EdWeek and the New Teacher Center are offering a free webinar, “Combating Teacher Turnover With Professional Supports” on June 27 at 2pm EST. The webinar will consist of a conversation between Jose Dotres, chief human capital officer at Miami-Dade County Public Schools, and Arthur Mills, the chief operating officer with the New Teacher Center. Join in to hear how Miami-Dade structured its induction program to accelerate educator effectiveness, and increase retention and student learning.

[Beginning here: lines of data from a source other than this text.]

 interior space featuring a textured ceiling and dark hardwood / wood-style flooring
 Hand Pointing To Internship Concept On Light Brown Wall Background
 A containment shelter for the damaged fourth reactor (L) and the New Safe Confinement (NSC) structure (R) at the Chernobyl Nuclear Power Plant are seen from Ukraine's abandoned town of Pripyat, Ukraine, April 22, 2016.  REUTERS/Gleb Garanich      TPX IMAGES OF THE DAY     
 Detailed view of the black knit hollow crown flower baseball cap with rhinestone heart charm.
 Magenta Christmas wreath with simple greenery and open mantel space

A new paper in the journal Educational Researcher has determined that the U.S. Department of Education approved state ESSA plans even after states ignored or defied the department’s feedback on their plans. “This approach has ensured states are realizing the maximum flexibility available through the law, as all state plans were approved, regardless of whether states heeded federal feedback and complied with the law,” the report concludes. The authors also note that states will need to see improved student achievement as a result of standing up to the federal government.
Featured News

Teacher Qualifications Emerge as Major Predictor of Student Achievement

A recent report by the Learning Policy Institute has found that “substandard” teacher credentials such as emergency permits, waivers and intern credentials are “significantly and negatively” correlated with student achievement. Using state ELA and math scores, LPI looked for districts that are excelling with students of color. Researchers then looked deeper into those successful districts and found that teacher qualifications were the most significant school-related predictors of student achievement.

The report, “California’s Positive Outliers: Districts Beating the Odds,” notes that in 2017-18, the Teacher Credentialing Commission authorized more than 12,000 substandard permits and credentials, representing half of the entering workforce in that year. “These underprepared teachers were disproportionately assigned to schools serving the largest shares of students of color and students from low-income families throughout the state,” according to the report’s authors.

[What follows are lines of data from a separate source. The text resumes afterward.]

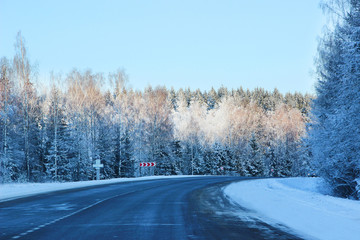 Winter. Winter road through snowy fields and forests. Winter road surrounded by snow-covered trees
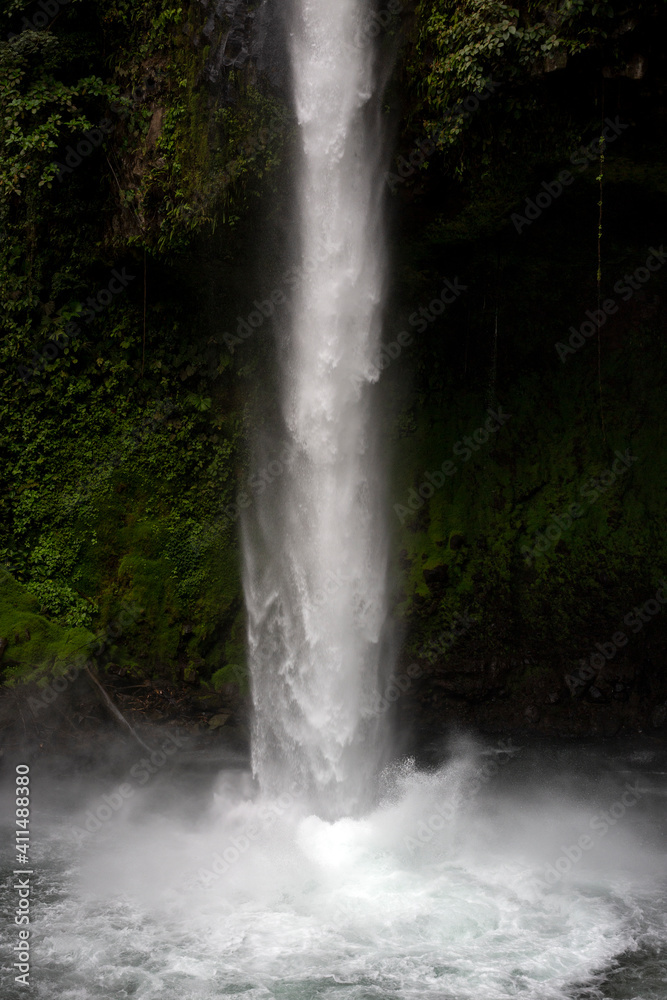 Tropical La Fortuna Waterfall in Costa Rica surrounded by rainforest vegetation Tropical La Fortuna Waterfall in Costa Rica surrounded by rainforest vegetation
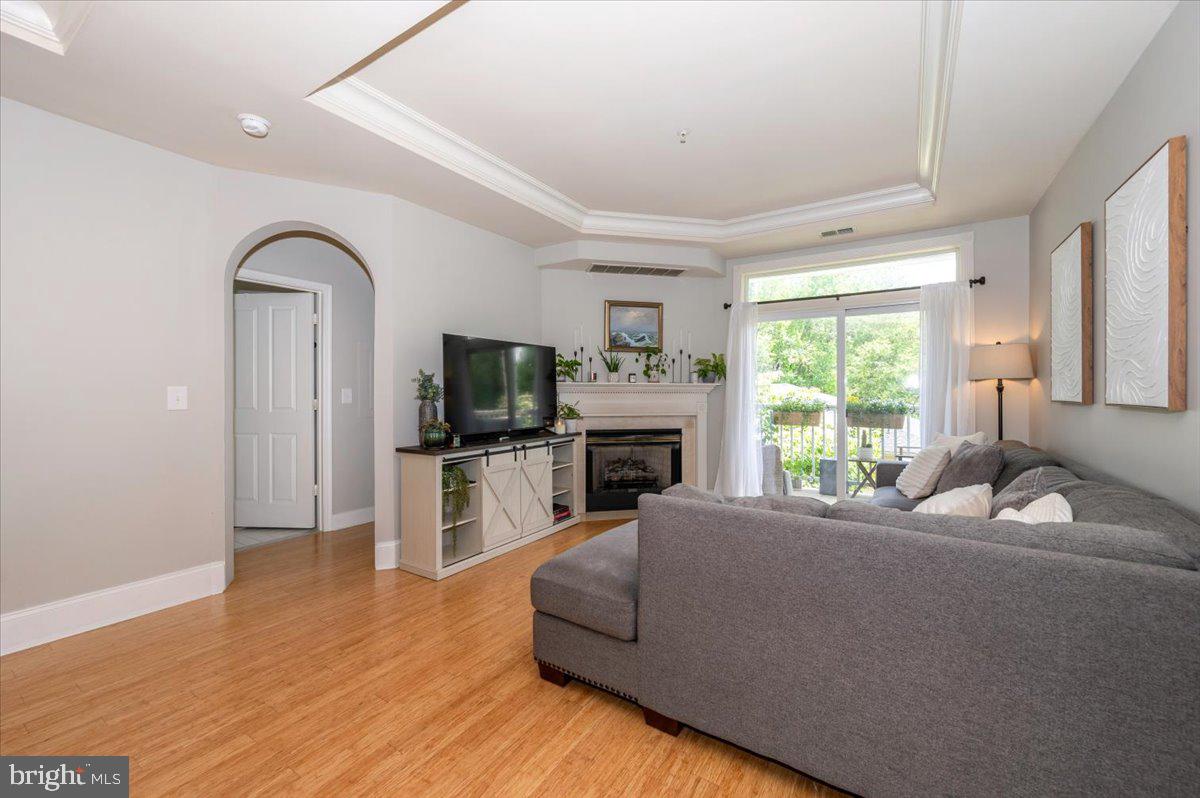 2500 Waterside Drive, Unit 110 Frederick, MD 21701 - Photo 16 of 106 a living room with furniture and a flat screen tv
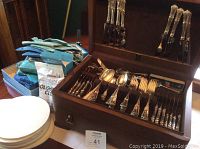 Hinged wooden chest open showing Birks sterling silver flatware arranged in slots and polishing cloths at left
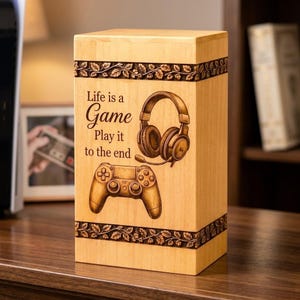 May include: A rectangular light-colored wooden box featuring a laser-engraved design of gaming headphones and a controller. The text reads, Life is a Game Play it to the end. The top and bottom edges are decorated with a detailed leaf pattern border.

In addition, the researchers concluded that the average experience of a district’s teachers was positively associated with the student achievement of African American and Latino students. Researchers analyzed math and ELA performance in districts with significant populations of African American, Hispanic, and white students. Their analysis identified 215 districts where African American, Hispanic and white students are achieving at higher than predicted levels relative to their socioeconomic status. LPI determined the most important within-school factors associated with this achievement were teacher credentials and experience.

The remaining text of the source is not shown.